**How to complete this task:** The reply should hold only the lines from the one with "Porte relevable avec" through the end of the data, each given exactly.

**Records provided:**

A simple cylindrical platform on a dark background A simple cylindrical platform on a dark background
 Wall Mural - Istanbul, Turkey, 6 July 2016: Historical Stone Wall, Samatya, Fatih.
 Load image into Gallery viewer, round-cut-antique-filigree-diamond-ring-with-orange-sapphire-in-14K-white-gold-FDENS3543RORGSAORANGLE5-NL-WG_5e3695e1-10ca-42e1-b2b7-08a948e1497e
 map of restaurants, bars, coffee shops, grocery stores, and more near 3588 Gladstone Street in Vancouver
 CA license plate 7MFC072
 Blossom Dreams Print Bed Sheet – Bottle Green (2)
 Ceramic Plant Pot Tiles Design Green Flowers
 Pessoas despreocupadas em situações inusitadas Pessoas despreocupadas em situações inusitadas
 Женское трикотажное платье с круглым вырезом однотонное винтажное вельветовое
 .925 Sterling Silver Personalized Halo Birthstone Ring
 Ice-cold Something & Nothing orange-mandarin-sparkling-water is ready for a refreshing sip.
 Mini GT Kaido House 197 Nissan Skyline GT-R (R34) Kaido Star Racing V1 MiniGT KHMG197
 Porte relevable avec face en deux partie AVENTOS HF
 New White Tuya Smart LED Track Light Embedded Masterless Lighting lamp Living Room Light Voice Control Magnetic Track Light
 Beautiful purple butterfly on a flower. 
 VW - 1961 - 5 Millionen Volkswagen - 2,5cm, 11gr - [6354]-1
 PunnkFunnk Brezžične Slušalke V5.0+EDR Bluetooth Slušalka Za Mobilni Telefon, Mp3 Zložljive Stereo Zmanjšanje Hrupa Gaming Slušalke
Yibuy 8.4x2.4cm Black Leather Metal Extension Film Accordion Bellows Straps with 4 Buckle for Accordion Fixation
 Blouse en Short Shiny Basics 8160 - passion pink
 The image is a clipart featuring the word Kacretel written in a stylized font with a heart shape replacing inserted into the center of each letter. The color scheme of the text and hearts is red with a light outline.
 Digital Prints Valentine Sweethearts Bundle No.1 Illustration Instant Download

**Answer to the problem:**
 Porte relevable avec face en deux partie AVENTOS HF
 New White Tuya Smart LED Track Light Embedded Masterless Lighting lamp Living Room Light Voice Control Magnetic Track Light
 Beautiful purple butterfly on a flower. 
 VW - 1961 - 5 Millionen Volkswagen - 2,5cm, 11gr - [6354]-1
 PunnkFunnk Brezžične Slušalke V5.0+EDR Bluetooth Slušalka Za Mobilni Telefon, Mp3 Zložljive Stereo Zmanjšanje Hrupa Gaming Slušalke
Yibuy 8.4x2.4cm Black Leather Metal Extension Film Accordion Bellows Straps with 4 Buckle for Accordion Fixation
 Blouse en Short Shiny Basics 8160 - passion pink
 The image is a clipart featuring the word Kacretel written in a stylized font with a heart shape replacing inserted into the center of each letter. The color scheme of the text and hearts is red with a light outline.
 Digital Prints Valentine Sweethearts Bundle No.1 Illustration Instant Download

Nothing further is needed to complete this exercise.